*** Begin section ***

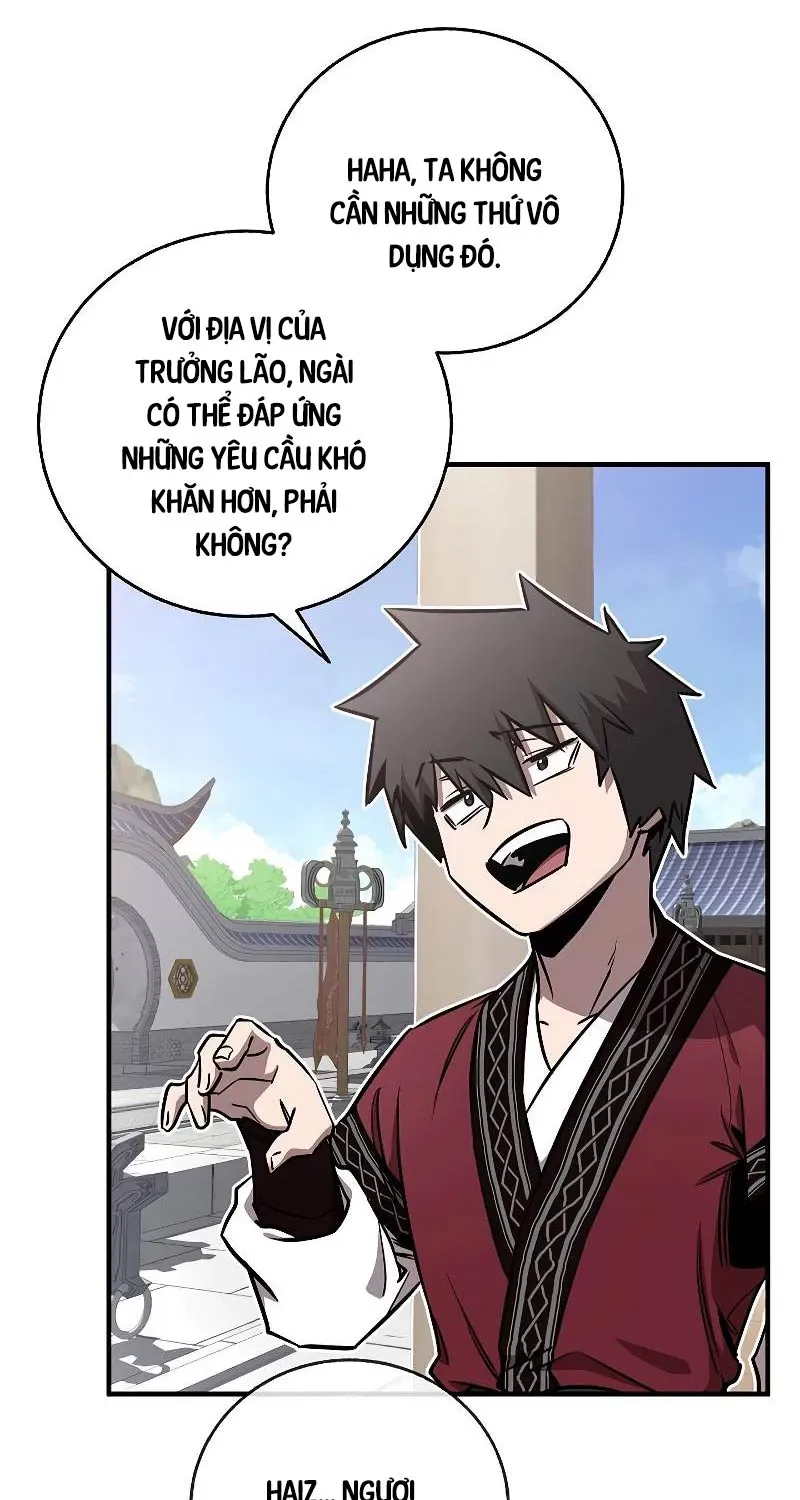 đọc truyện Thanh Mai Trúc Mã Của Đệ Nhất Thiên Hạ Chương 16 ảnh 39 tại Thiên Thai Truyện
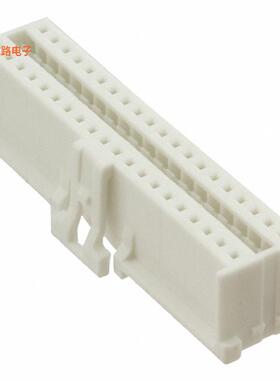 624040213322 -原装[CONN RCPT HSG 40POS 2.00MM插座
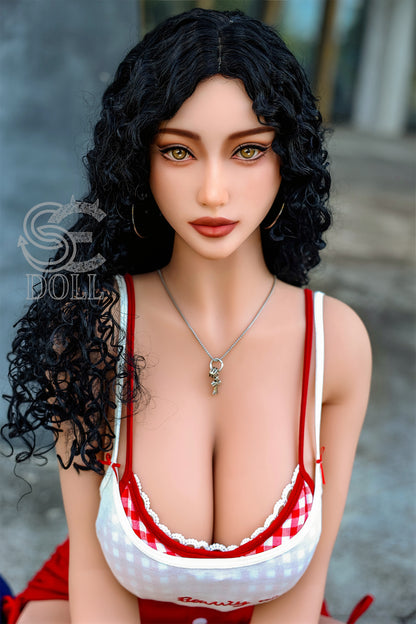 Aurora TPE Sexdoll
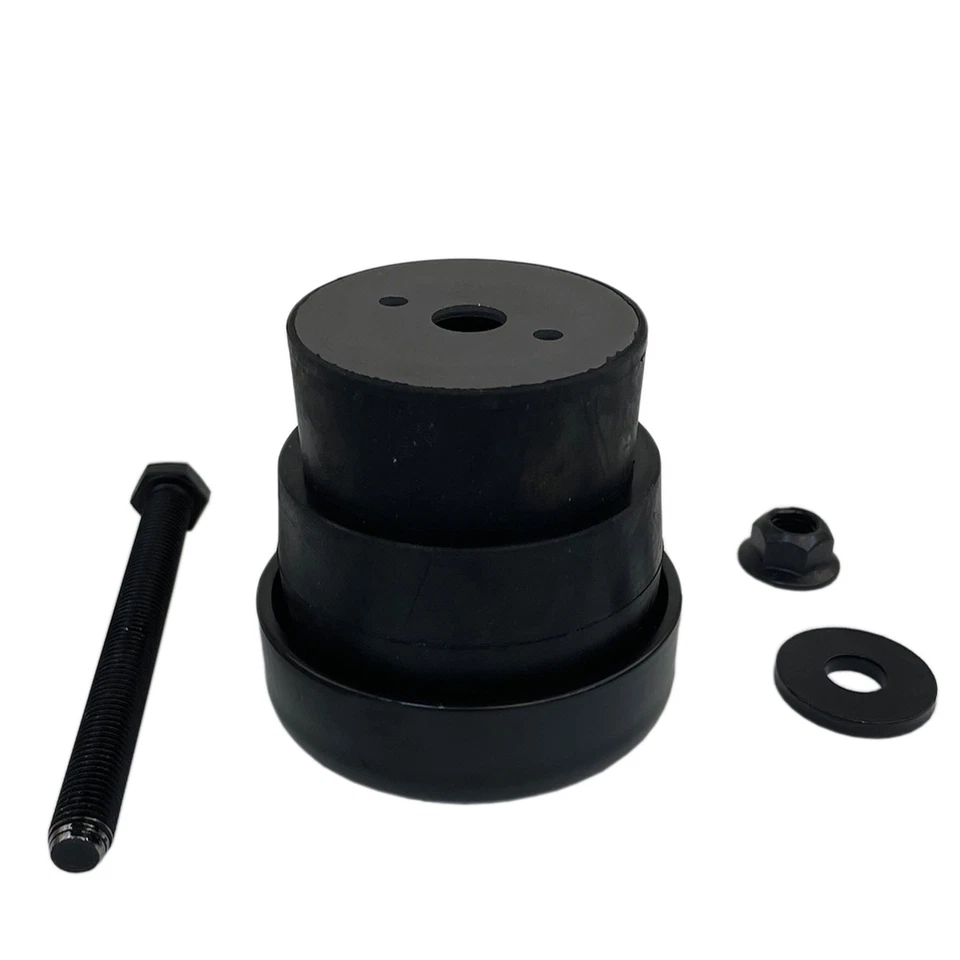 Kit de montaje de carrocería para Chevy Silverado GMC Sierra 1500 2500 924-130 2004-2019 Foto 2 de 3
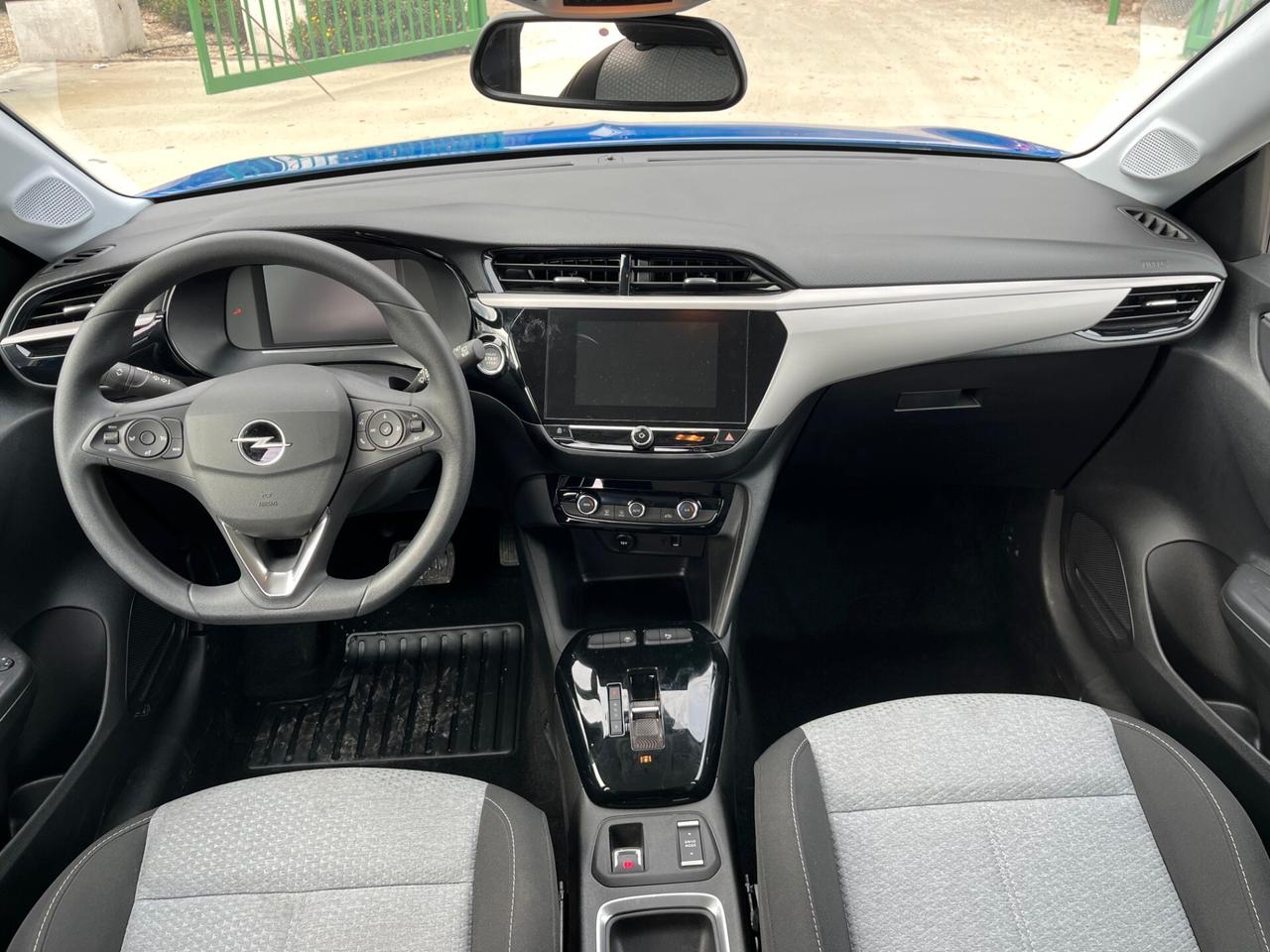 Opel Corsa-e electric 136cv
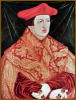 Albrecht von Brandenburg (* 28. Juni 1490 in Cölln an der Spree † 24. September 1545 in Mainz).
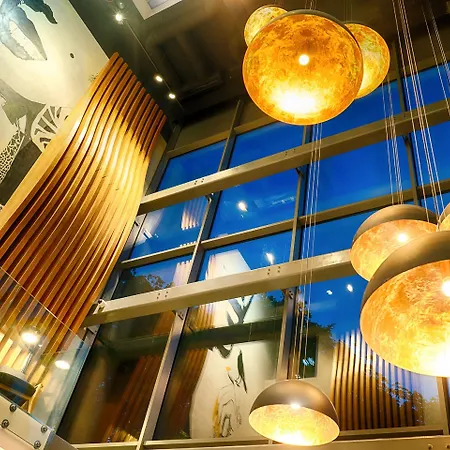 فندق Focus Premium 3*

*** End section ***

* **Problem description**
Nothing but the lines from the start of the records above through the line with "Aurora TPE Sexdoll" should be retyped, each exactly as written; leave out all pictures.

* **Result**
 đọc truyện Thanh Mai Trúc Mã Của Đệ Nhất Thiên Hạ Chương 16 ảnh 39 tại Thiên Thai Truyện
 624040213322 -原装[CONN RCPT HSG 40POS 2.00MM插座
 Aurora TPE Sexdoll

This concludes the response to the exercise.